▸ TO DO
Look below for the line containing "Как проявляется и" and the line containing "Before & After Image"; repeat exactly those two lines and all lines between them, and nothing else.
=== Section Start ===
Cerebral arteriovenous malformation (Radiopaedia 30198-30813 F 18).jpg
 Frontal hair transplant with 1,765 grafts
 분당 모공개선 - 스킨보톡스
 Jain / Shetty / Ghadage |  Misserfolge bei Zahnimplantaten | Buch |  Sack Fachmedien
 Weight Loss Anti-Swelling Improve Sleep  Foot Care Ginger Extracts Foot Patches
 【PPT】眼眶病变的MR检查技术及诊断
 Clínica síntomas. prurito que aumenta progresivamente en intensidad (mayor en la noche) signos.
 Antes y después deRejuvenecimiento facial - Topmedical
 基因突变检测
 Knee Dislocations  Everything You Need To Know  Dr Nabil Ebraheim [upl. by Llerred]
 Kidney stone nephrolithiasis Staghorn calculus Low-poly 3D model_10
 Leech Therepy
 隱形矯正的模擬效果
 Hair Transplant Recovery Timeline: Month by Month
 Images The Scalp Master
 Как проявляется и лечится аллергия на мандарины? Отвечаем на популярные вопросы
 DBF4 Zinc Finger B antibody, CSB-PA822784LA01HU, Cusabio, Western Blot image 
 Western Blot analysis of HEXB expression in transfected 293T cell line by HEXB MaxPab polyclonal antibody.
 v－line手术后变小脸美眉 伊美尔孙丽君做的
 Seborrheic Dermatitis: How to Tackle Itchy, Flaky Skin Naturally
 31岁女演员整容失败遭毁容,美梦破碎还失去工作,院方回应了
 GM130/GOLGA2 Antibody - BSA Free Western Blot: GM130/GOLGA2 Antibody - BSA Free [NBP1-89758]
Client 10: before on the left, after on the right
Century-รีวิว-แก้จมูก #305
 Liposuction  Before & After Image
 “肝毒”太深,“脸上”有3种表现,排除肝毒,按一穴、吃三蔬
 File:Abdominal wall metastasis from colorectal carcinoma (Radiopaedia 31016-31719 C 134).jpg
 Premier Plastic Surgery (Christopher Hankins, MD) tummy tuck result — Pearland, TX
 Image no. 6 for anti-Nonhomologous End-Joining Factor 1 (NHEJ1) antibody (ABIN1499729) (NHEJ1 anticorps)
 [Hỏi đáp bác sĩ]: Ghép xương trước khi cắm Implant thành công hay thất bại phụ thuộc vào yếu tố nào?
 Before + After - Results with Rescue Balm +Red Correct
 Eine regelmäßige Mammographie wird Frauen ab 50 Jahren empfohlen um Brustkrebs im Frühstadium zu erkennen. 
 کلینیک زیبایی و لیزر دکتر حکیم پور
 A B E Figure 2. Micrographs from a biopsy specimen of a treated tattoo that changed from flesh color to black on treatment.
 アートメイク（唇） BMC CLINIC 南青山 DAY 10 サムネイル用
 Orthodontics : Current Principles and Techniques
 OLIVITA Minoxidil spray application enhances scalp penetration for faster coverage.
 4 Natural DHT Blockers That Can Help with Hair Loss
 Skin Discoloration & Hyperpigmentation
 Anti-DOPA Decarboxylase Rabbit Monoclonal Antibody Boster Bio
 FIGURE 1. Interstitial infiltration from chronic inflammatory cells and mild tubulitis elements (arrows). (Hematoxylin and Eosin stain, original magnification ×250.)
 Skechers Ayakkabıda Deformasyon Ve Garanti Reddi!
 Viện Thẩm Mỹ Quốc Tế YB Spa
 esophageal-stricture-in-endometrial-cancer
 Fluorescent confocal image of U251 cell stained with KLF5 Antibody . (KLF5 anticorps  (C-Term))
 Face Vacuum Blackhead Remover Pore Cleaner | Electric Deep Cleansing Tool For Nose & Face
=== Section End ===
▸ REPLY
 Как проявляется и лечится аллергия на мандарины? Отвечаем на популярные вопросы
 DBF4 Zinc Finger B antibody, CSB-PA822784LA01HU, Cusabio, Western Blot image 
 Western Blot analysis of HEXB expression in transfected 293T cell line by HEXB MaxPab polyclonal antibody.
 v－line手术后变小脸美眉 伊美尔孙丽君做的
 Seborrheic Dermatitis: How to Tackle Itchy, Flaky Skin Naturally
 31岁女演员整容失败遭毁容,美梦破碎还失去工作,院方回应了
 GM130/GOLGA2 Antibody - BSA Free Western Blot: GM130/GOLGA2 Antibody - BSA Free [NBP1-89758]
Client 10: before on the left, after on the right
Century-รีวิว-แก้จมูก #305
 Liposuction  Before & After Image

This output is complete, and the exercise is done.